Your objective »
An exact, complete printout of the listing is wanted, minus its images.

Information shown »

****************************************

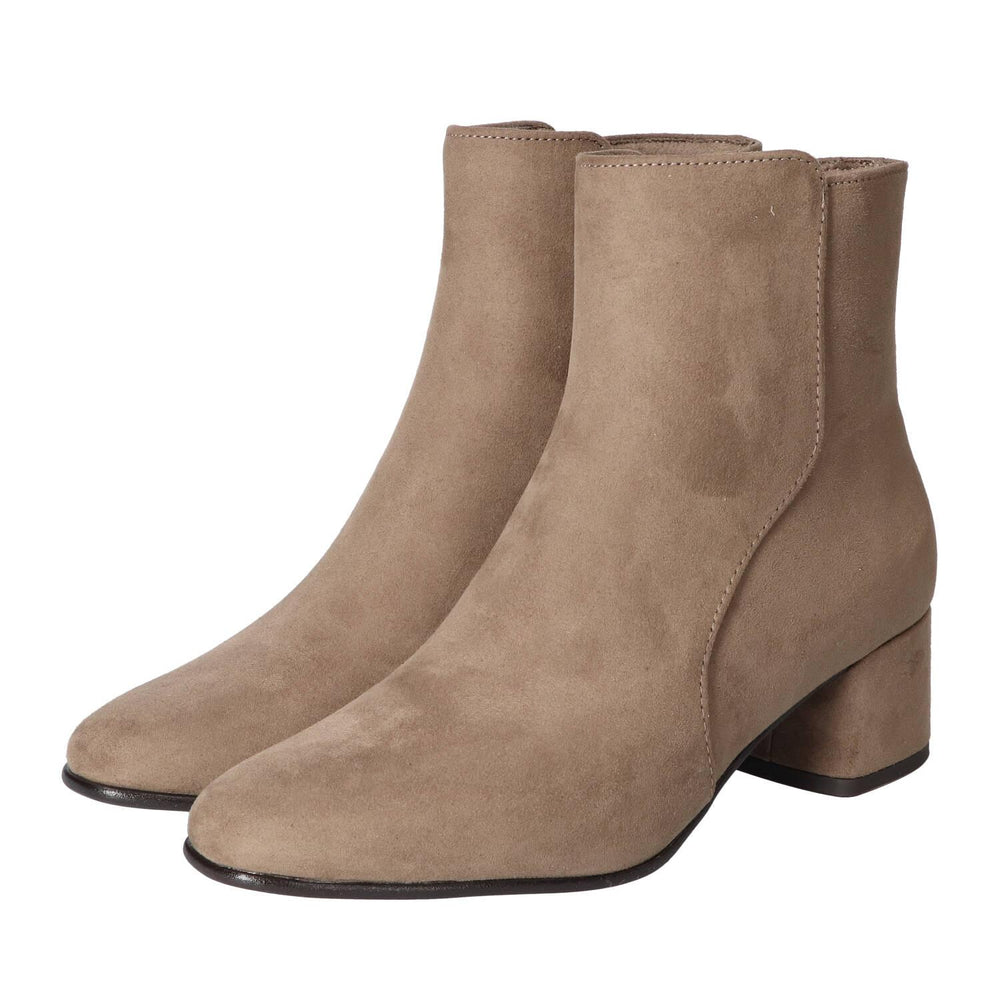 Booties, Taupe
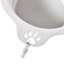 2-Cup Collapsible Pet Bowl, Grey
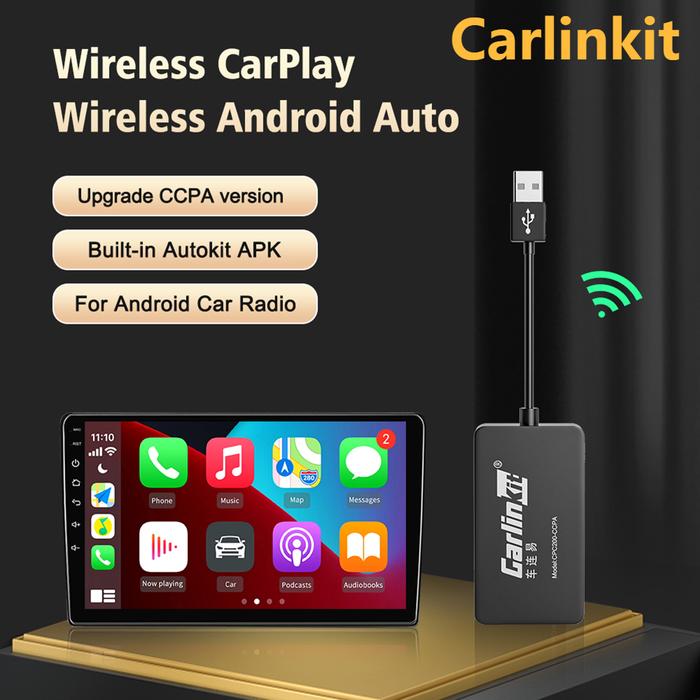 Carlinkit Wireless Android Auto Adapter AI Box Apple Carplay Android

****************************************

Answer space »
 Booties, Taupe
 2-Cup Collapsible Pet Bowl, Grey
 Carlinkit Wireless Android Auto Adapter AI Box Apple Carplay Android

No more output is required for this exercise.